Job Description
Key Responsibilities
• Define standards for monitoring the reliability, availability, maintainability and performance of sponsor-owned and operated systems.
• Design and architect operational solutions for managing applications and infrastructure.
• Drive service acceptance by adopting new processes into operations and developing new monitoring for exposure of risks and automating against repeatable actions.
• Partner with service and product owners to establish key performance indicators to identify trends and achieve better outcomes.
• Provide deep troubleshooting for production issues.
• Engage with service owners to maximize a team’s ability to identify and remediate root cause performance issues quickly ensuring rapid service interruption recovery.

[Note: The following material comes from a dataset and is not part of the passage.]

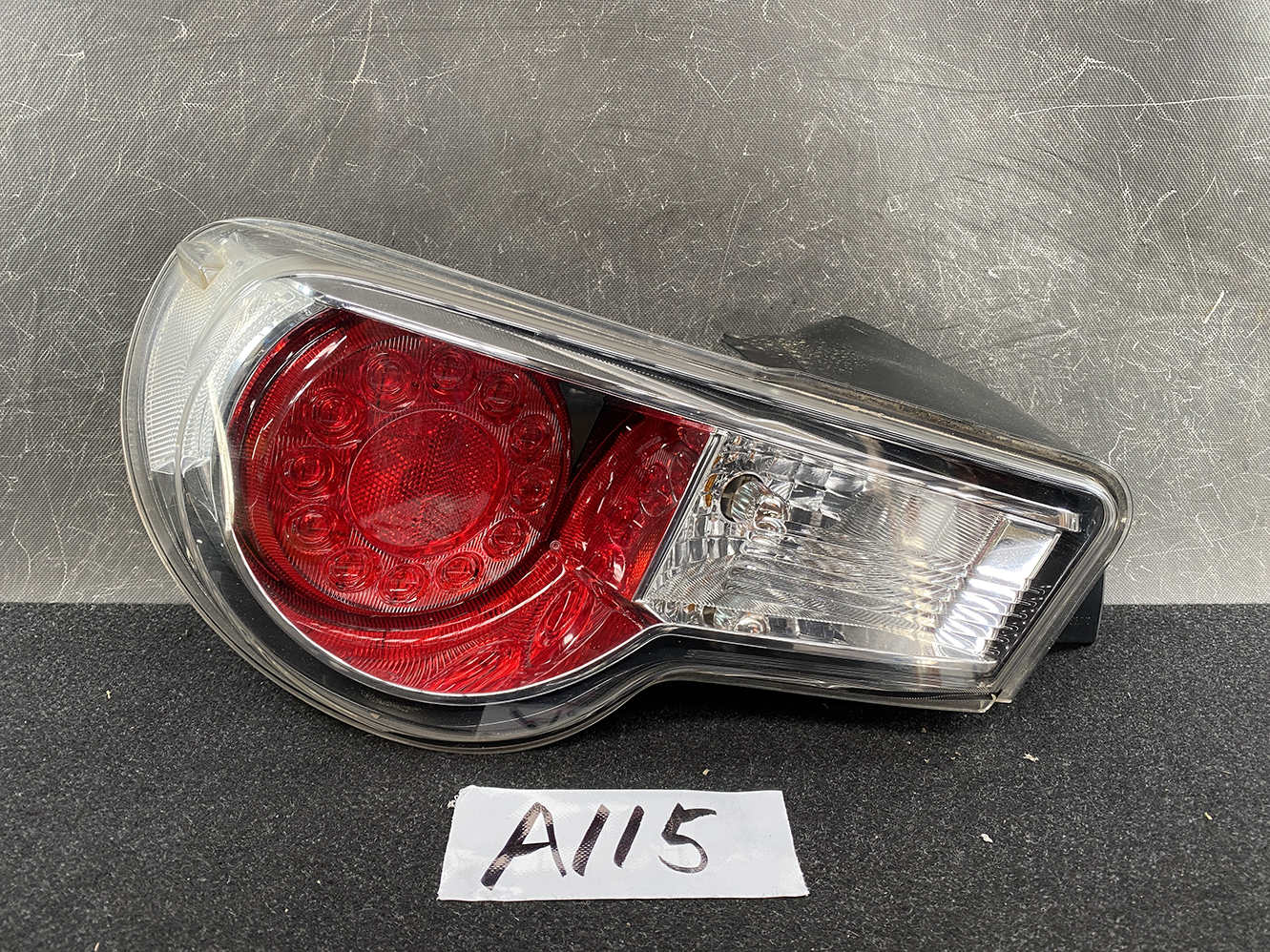 TOYOTA 86 GT86 SUBARU BRZ Genuine Taillight 220-60082 220-60084 LEFT SIDE x1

• Build and/or use tools to correlate disparate data sets in an efficient and automated way to help teams quickly identify the root-cause to issues and to understand how different problems relate to each other.
• Coordinate with the sponsor to support major incidents, large-scale deployments and SecOps user support.
We are a company committed to creating diverse and inclusive environments where people can bring their full, authentic selves to work every day. We are an equal opportunity/affirmative action employer that believes everyone matters. Qualified candidates will receive consideration for employment regardless of their race, color, ethnicity, religion, sex (including pregnancy), sexual orientation, gender identity and expression, marital status, national origin, ancestry, genetic factors, age, disability, protected veteran status, military or uniformed service member status, or any other status or characteristic protected by applicable laws, regulations, and ordinances. If you need assistance and/or a reasonable accommodation due to a disability during the application or recruiting process, please send a request to HR@insightglobal.com.To learn more about how we collect, keep, and process your private information, please review Insight Global's Workforce Privacy Policy: https://insightglobal.com/workforce-privacy-policy/.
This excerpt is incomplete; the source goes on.